The Mexico City subway transports some five million people each day
Death Traps Below the Big Cities
By Stephen Leahy
The ever-growing number of underground transportation networks, shopping centers and parking ramps in the world's mega-cities are vulnerable to natural disasters, warn experts. Not even the wealthiest cities of the United States and Europe have given this serious issue much thought.
BROOKLIN, Canada, (Tierramérica).- Growing land pressures are pushing the world's major cities underground and adding a new dimension to their vulnerability to natural disasters such as floods, earthquakes and tsunamis.
Currently, approximately half of the global population lives in urban areas, and the proportion is expected to reach 65 percent in 2030.
One of the hidden vulnerabilities of mega-cities to natural disasters is the ''underworld'' of subways, shopping malls, parking ramps and public utilities, Srikantha Herath, of the United Nations University, said in a Tierramérica interview from Tokyo.
Nearly all of the world's major cities now have extensive underground areas, including many in the developing world, because ''in densely populated urban areas there is no other space to use," he said.
The matter was one of the many discussed by experts at the World Conference on Disaster Reduction in Kobe, Japan, last week. Ten years ago a major earthquake devastated this southwestern Japanese city, causing 100 billion dollars in damages.
The disaster reduction conference came just three weeks after the Dec. 26 tsunami in the Indian Ocean, a tragedy that has claimed more than 220,000 lives and left millions homeless.
''Cities are by far the most vulnerable, and climate change is increasing those risks,'' said Gordon McBean of the Institute for Catastrophic Loss Reduction at Canada's University of Western Ontario.

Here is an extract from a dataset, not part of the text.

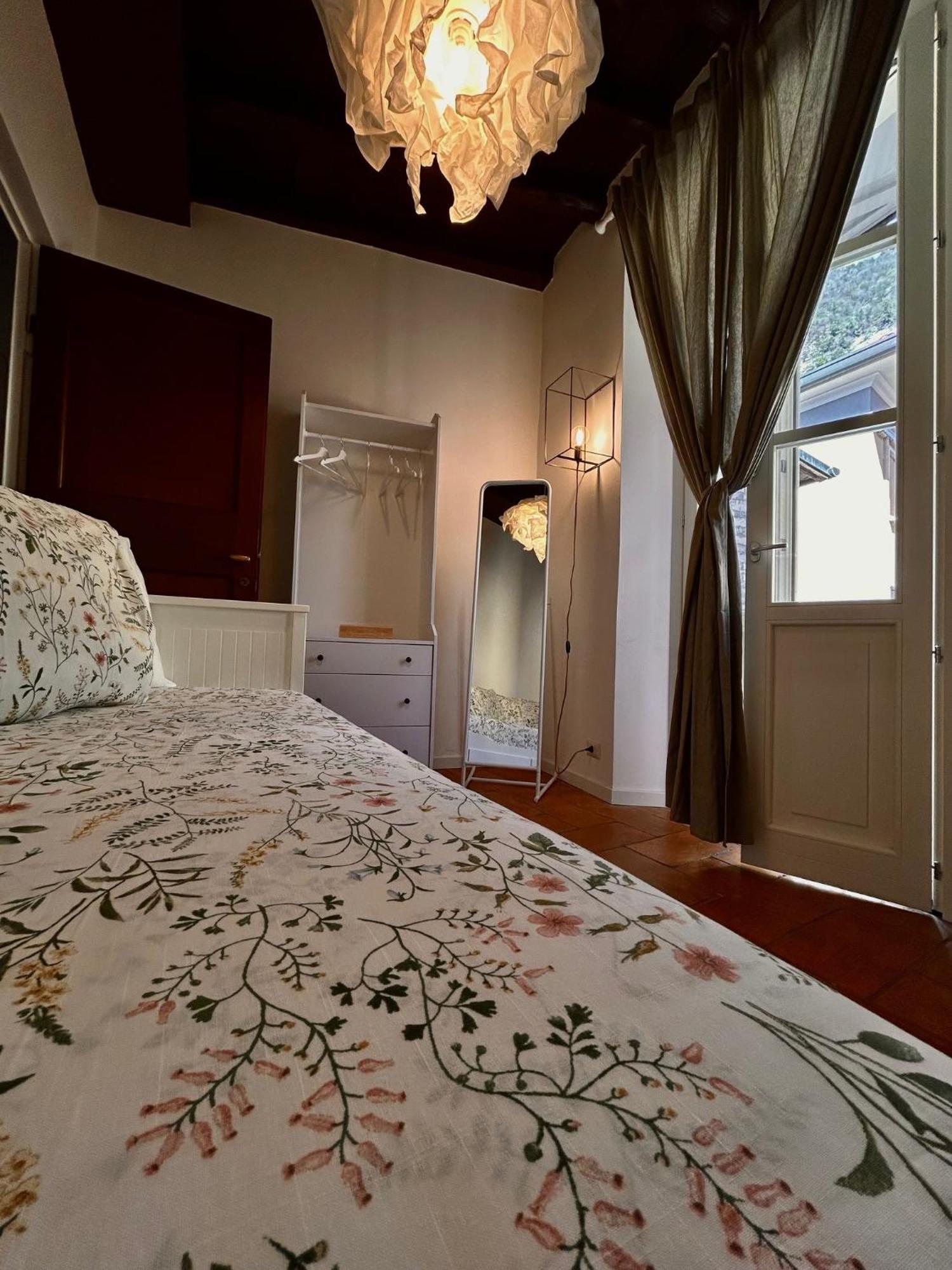 Casa Vacanze Viacoloniola37 Como Dış mekan fotoğraf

Global warming is raising sea levels, making hurricanes, tornados and related storm surges stronger and more frequent. Rainfall is also becoming more intense in some regions, McBean told Tierramérica.
Nevertheless, little thought has gone into reducing the flooding risks of urban underground areas even in North America and Europe, said UN expert Herath.
Tokyo's extensive underground spaces have flooded 17 times in a two-year span, with human lives lost as a result of storms and heavy rains, he said.
Some underground infrastructures have very effective alarm and fire containment systems, but not for flooding, according to Herath.
Often the entry points to the underground areas are the most dangerous during flooding, and problems are compounded by the lack of underground maps that would indicate where water can pass from one space to the next, he said.
Like many mega-cities Tokyo is below sea level. Others are built on flood plains and very vulnerable to storm surges, heavy rainfall and, if located on ocean coastline, tsunamis.
Worst, much of the new urban development in the past 50 years has ignored or forgotten extreme events that happen very rarely such as once in a hundred years, Herath added.
McBean cited the example of the 1999 mudslides near Caracas, Venezuela that killed 30,000 people.
''I remember thinking 'there's a disaster waiting to happen', when I drove by a series of shantytowns clinging to the side of a mountain the week before heavy rains triggered the mudslides,'' he said.
Those shantytowns, as well as the resorts damaged in the slides, were built on top of deposits from mudslides that had occurred many years before.
"The poorest people are always the most vulnerable to natural disasters,'' said McBean.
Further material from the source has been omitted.